# Problem requirements
Transcribe the listing below exactly, from its first line through the line with "Tiki Abstract Minimalist". Omit the pictures.

# The data
——————
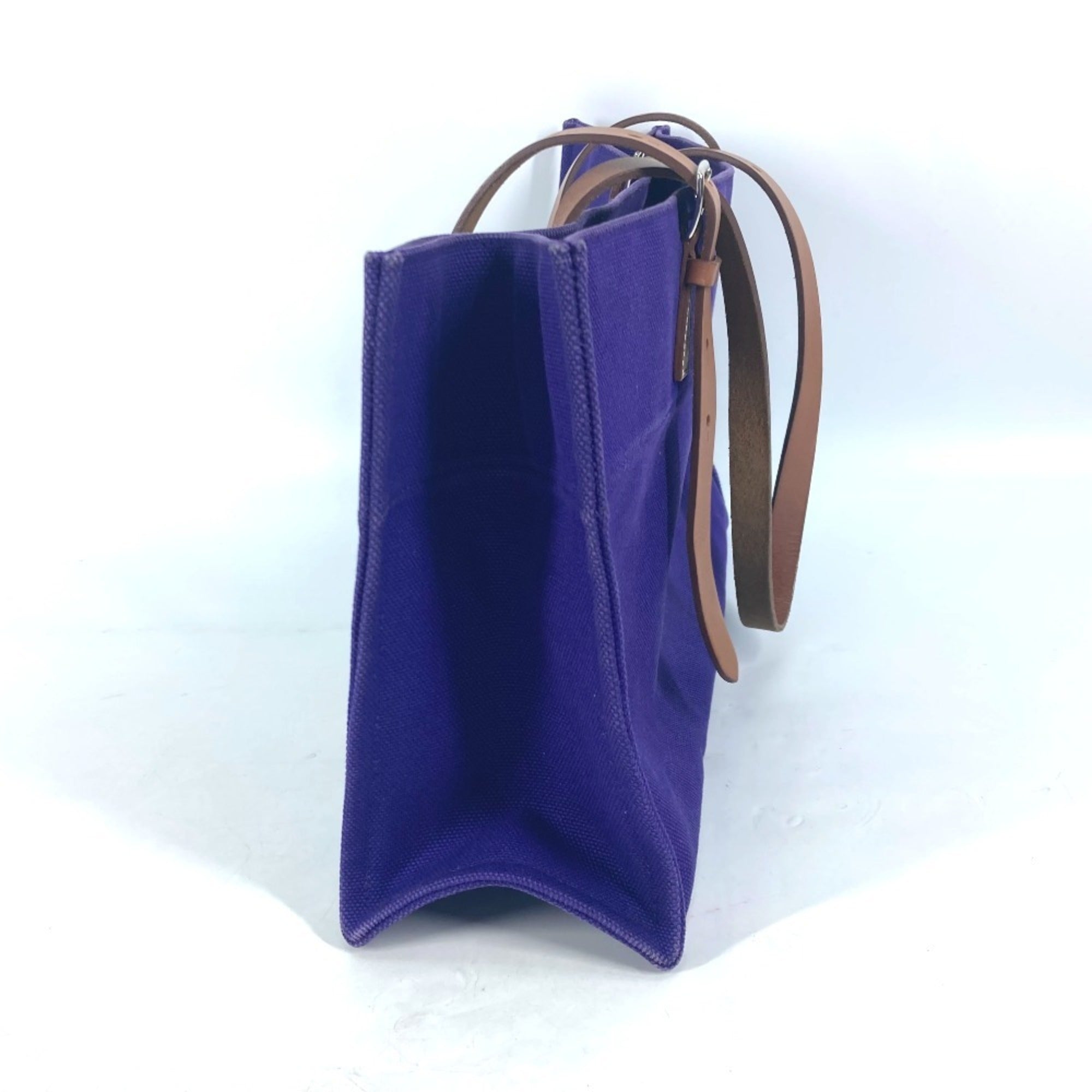 Hermes Purple Canvas Shoulder Bag Tote Bag (Pre-Owned)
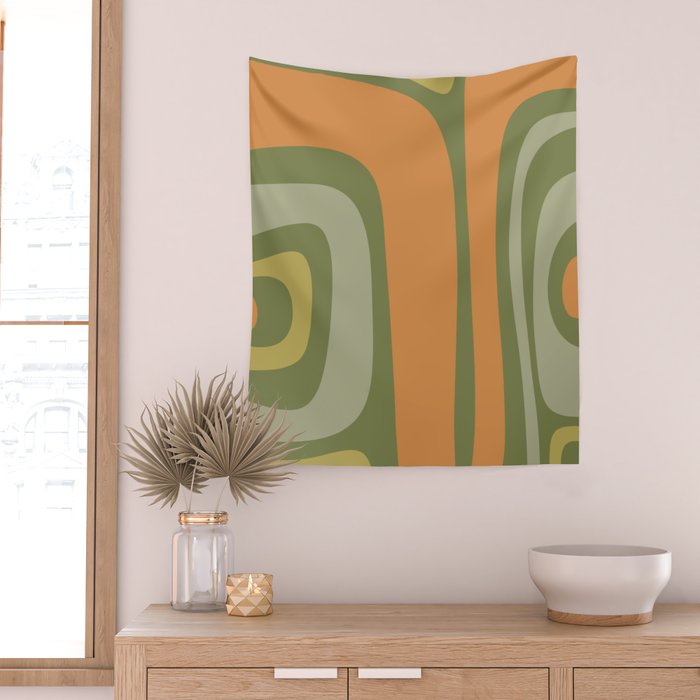 Tiki Abstract Minimalist Mid-Century Modern Pattern in Retro Olive Green and Orange Tones Wall Tapestry Gallery Image 2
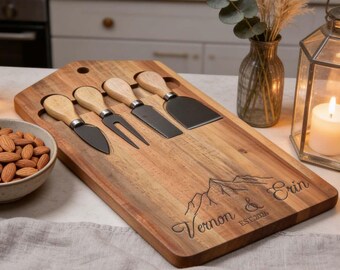 Personalisiertes Käsebrett- und Messerset aus Akazienholz, individuelles Charcuterie-Servierbrett, Corporater-Geschenke, Geschenk für Mitarbeiter
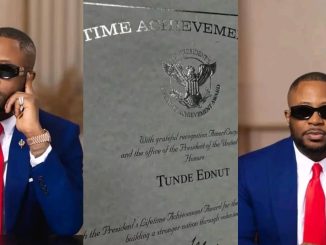 Tunde Ednut becomes US citizen, reveals special award from Joe Biden
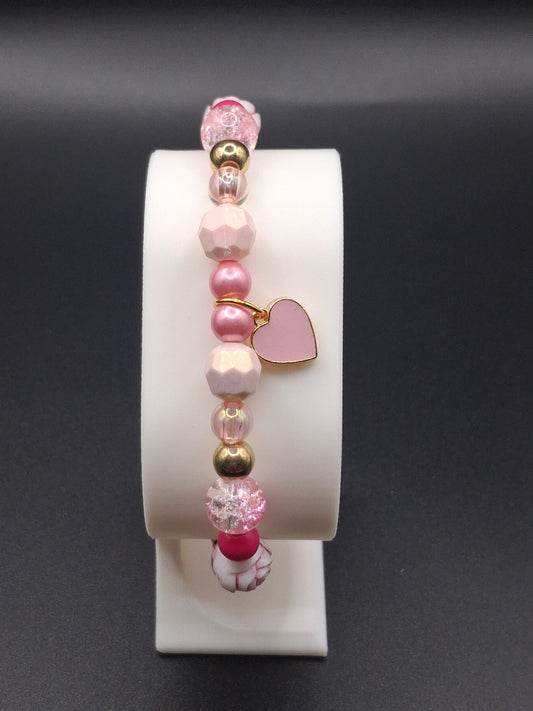 Mix & Match - Pink Heart - Stretch Bracelet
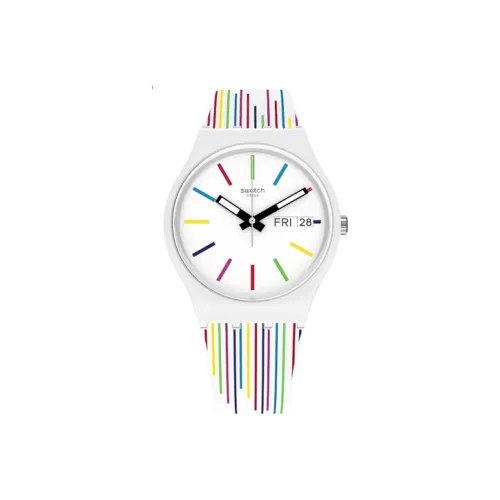 Swatch Quartz Механизм Унисекс Часы 34 мм Белый Циферблат Пластиковый Корпус Часы Силиконовый Ремешок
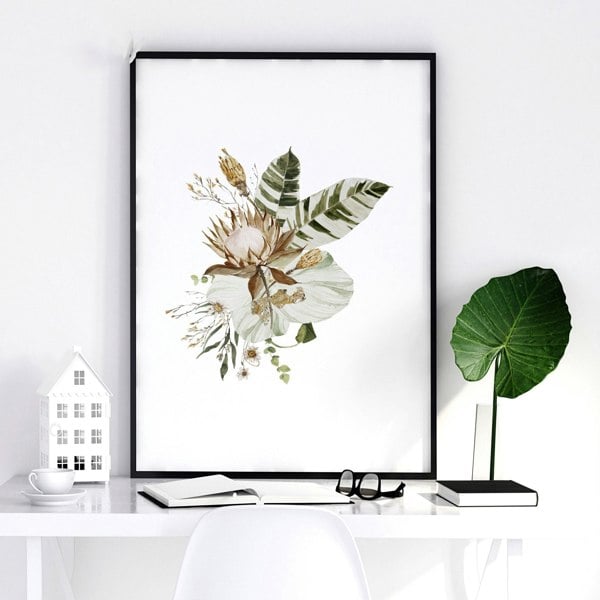 Framed print for bathroom | set of 3 Earth toned Botanical wall prints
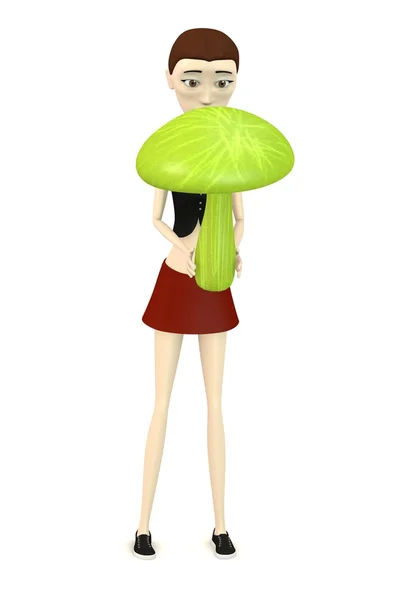 3d render of cartoon character with green shroom — Stock Photo, Image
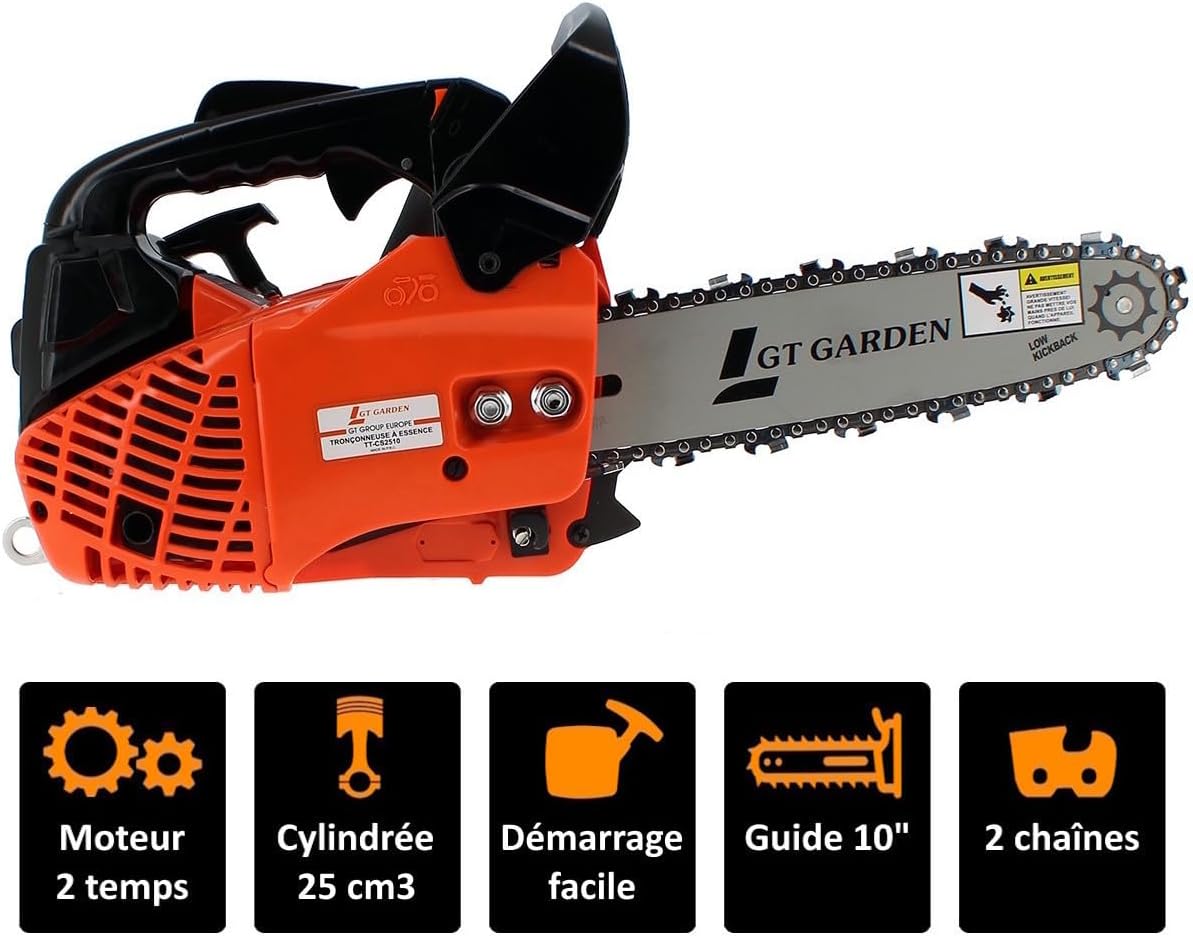 Tronçonneuse élagueuse thermique 25 cm3, 1 CV, guide 26 cm, 2 chaînes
——————
# Answer area
 Hermes Purple Canvas Shoulder Bag Tote Bag (Pre-Owned)
 Tiki Abstract Minimalist Mid-Century Modern Pattern in Retro Olive Green and Orange Tones Wall Tapestry Gallery Image 2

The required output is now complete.